Task details
Set down, exactly, every line from the top of the listing through the one holding "(수입CD) The Soundtrack Selfadhesive CD Rack".

###

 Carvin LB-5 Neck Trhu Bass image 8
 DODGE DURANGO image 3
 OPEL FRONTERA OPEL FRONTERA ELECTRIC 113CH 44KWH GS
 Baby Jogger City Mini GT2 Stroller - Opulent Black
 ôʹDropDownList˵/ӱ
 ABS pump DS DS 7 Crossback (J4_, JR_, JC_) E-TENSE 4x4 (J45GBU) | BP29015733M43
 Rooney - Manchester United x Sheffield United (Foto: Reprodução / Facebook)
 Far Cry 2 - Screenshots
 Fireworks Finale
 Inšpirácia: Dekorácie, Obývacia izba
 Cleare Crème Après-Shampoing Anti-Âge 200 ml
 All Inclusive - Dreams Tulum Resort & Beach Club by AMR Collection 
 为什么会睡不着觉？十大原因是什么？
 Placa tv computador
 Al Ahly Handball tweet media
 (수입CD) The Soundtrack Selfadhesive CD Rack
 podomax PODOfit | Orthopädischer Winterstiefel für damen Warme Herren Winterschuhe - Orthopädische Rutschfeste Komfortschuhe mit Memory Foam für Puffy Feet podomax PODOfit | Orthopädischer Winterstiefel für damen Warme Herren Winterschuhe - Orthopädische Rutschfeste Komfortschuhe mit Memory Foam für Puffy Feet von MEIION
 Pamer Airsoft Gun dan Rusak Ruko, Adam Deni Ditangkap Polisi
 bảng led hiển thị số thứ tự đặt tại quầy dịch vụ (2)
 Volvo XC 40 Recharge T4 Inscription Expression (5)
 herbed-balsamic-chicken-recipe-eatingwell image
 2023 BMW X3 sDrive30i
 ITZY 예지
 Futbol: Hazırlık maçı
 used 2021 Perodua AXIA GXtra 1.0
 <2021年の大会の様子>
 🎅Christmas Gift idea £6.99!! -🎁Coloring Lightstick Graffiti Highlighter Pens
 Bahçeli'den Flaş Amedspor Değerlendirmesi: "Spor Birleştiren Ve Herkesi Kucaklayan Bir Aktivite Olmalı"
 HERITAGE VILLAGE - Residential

###

Solution to this task
 Carvin LB-5 Neck Trhu Bass image 8
 DODGE DURANGO image 3
 OPEL FRONTERA OPEL FRONTERA ELECTRIC 113CH 44KWH GS
 Baby Jogger City Mini GT2 Stroller - Opulent Black
 ôʹDropDownList˵/ӱ
 ABS pump DS DS 7 Crossback (J4_, JR_, JC_) E-TENSE 4x4 (J45GBU) | BP29015733M43
 Rooney - Manchester United x Sheffield United (Foto: Reprodução / Facebook)
 Far Cry 2 - Screenshots
 Fireworks Finale
 Inšpirácia: Dekorácie, Obývacia izba
 Cleare Crème Après-Shampoing Anti-Âge 200 ml
 All Inclusive - Dreams Tulum Resort & Beach Club by AMR Collection 
 为什么会睡不着觉？十大原因是什么？
 Placa tv computador
 Al Ahly Handball tweet media
 (수입CD) The Soundtrack Selfadhesive CD Rack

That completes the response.